▶ Data provided:
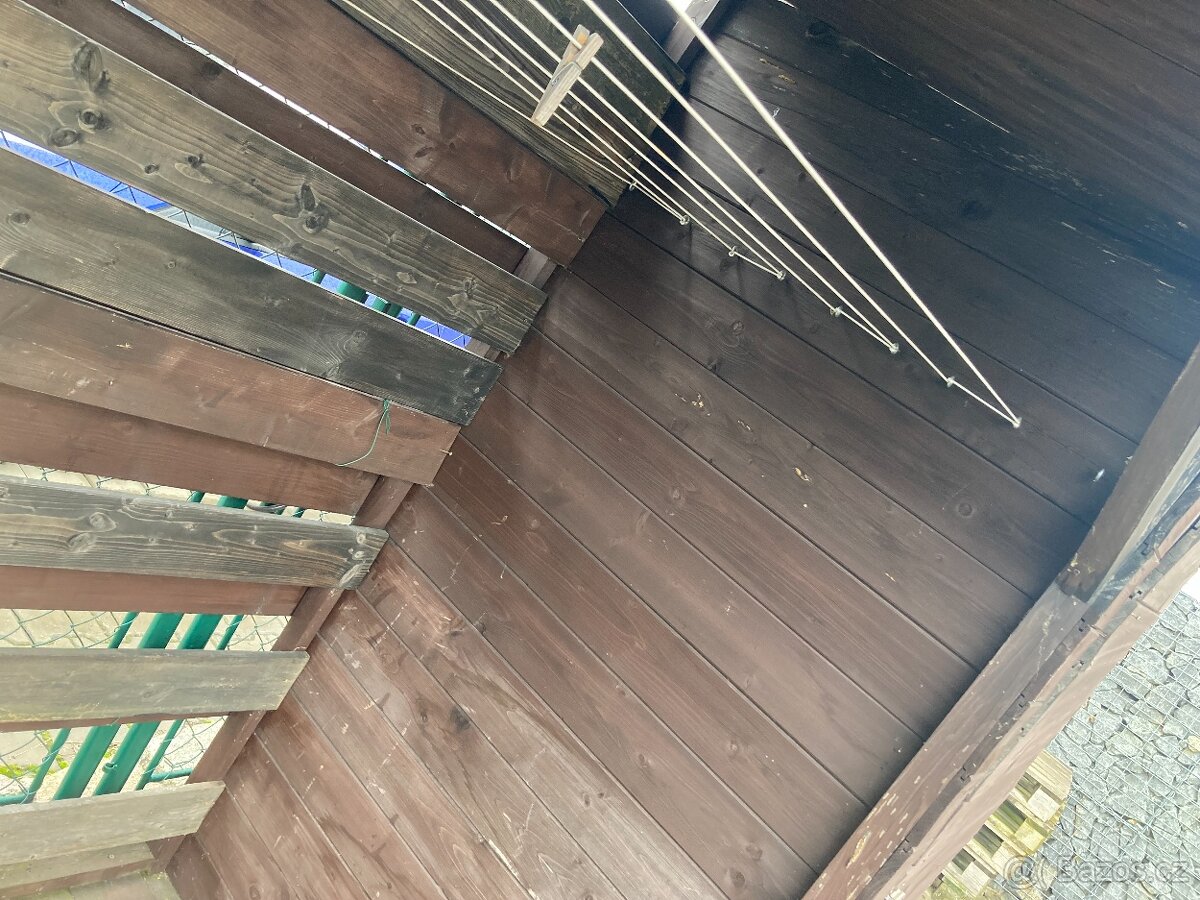 Dřevník s prostorem na popelnici - 4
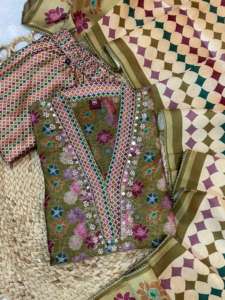 Ensemble pantalon élégant en soie Zarna coupe droite avec dupatta numérique - Product Image 2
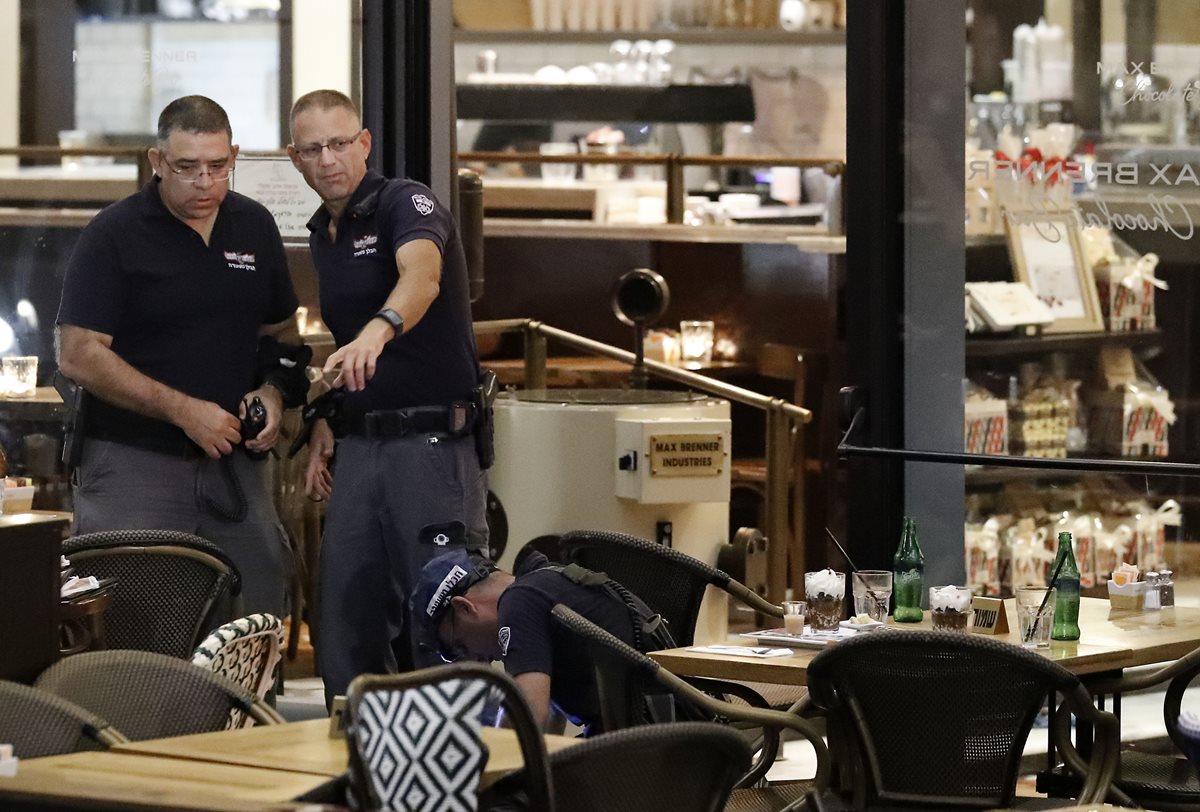 Policías inspeccionan el restarante donde ocurrió el ataque. (Foto Prensa Libre: AFP).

▶ Problem description: Write out the listing above again, exactly, but with no pictures in the copy.

▶ Task answer:
 Dřevník s prostorem na popelnici - 4
 Ensemble pantalon élégant en soie Zarna coupe droite avec dupatta numérique - Product Image 2
 Policías inspeccionan el restarante donde ocurrió el ataque. (Foto Prensa Libre: AFP).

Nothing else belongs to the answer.